Una idea que por cierto no era nueva, ya que había sido utilizada
para el meteorito que cayó en 1492 en Ensisheim, Alsacia, por Paracelso (1493-1541) en su libro Liber Meteorum (1566). Una creencia que
enraizó especialmente fuerte en Francia, bajo la influencia de Lavoisier y otros
científicos como Pierre Simon Laplace
(1749-1827) y Siméon Denis Poisson
(1781-1840).
Ellos eran de la opinión de que no sólo no era posible la caída de
cuerpos del espacio, sino que en realidad las piedras y trozos de metal que en
ocasiones llegaban al suelo, se formaban con algunos fenómenos atmosféricos. Un razonamiento apropiado para la época,
ante la ausencia de pruebas en contra.
Pero es sabido que la ausencia de pruebas de un fenómeno, no siempre es
prueba de la ausencia de dicho fenómeno. De hecho, a veces, suele ocurrir que
las afirmaciones que hacen los hombres de ciencia muestran, sobre todo, y más
que nada, los límites del conocimiento de la época.

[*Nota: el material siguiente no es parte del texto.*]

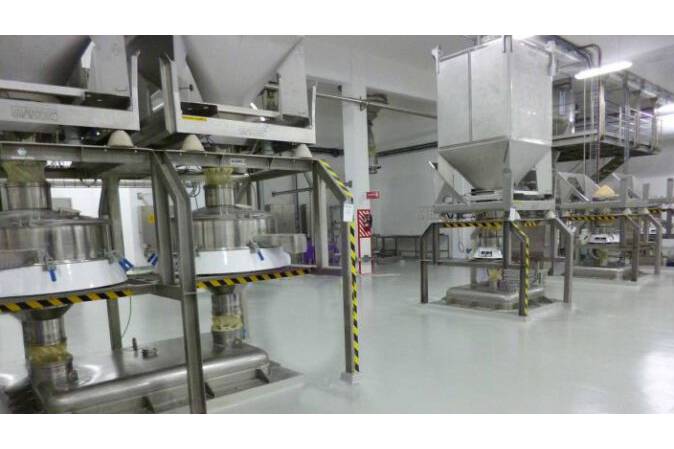 Russell Finex unterstützt Nestlé bei der Sicherung der Produktqualität Sechs Russell Compact Sieve-Einheiten ermöglichen es Nestlé, Milchpulver mit feineren Maschen zu sieben, ohne die Durchflussraten zu beeinträchtigen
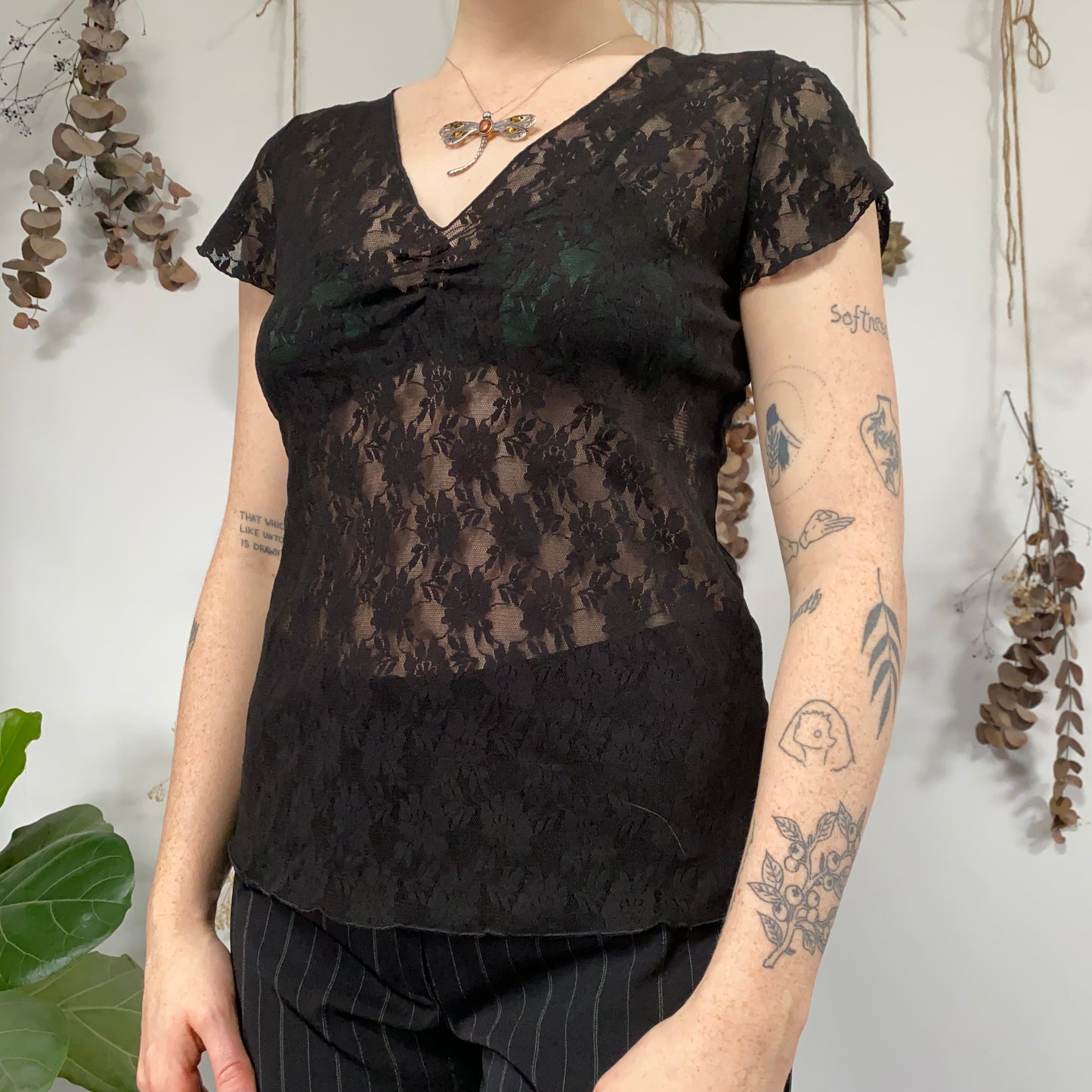 Black lace tshirt - size M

La realidad se muestra tozuda
Y
termina por aflorar. Tratándose de un fenómeno cierto como lo es, estaba claro
que era sólo cuestión de tiempo que apareciera una prueba irrefutable del
origen del mismo, aunque no es menos cierto que tuvieron que pasar algo más de
treinta años, hasta 1803.
Si
bien en ese interín hubo otros científicos que, interesados en este fenómeno,
siguieron investigándolo. Y en sus estudios comprobaron que los meteoritos no solo caían en cualquier
lugar, sino que eran independientes de las condiciones atmosféricas imperantes:
lo mismo daba que el día estuviera nublado, que lloviera o que hiciera sol. Ya
me entienden.
De
hecho dieron un paso más, llegando incluso a argumentar que las piedras y
trozos de metal que caían del cielo, eran en realidad objetos expulsados del
mismo Sol o por los volcanes de la Luna. En fin. El caso es que había
muchas evidencias, pero ninguna explicación lo suficientemente convincente. No la hubo hasta que llegó el 26 de abril de 1803, cuando en la aldea
francesa de L’Aigle (Normandía) se precipitaron más de tres mil pequeñas
piedras. Una pedrada espacial en toda regla que fue avalada por numerosos
testigos de testimonio incuestionable, lo que se dice, casi, una prueba
científica.
O el valor de la prueba porque el caso es que la Academia de Ciencias francesa terminó por aceptar la existencia de
piedras caídas del cielo, o sea, su origen
extraterrestre. Un cambio de postura que no nos debe llamar la atención
pues así es como avanza la ciencia
que, si se mira bien, es un proceso que consiste más en destruir errores que en
descubrir verdades. Es lo que tiene.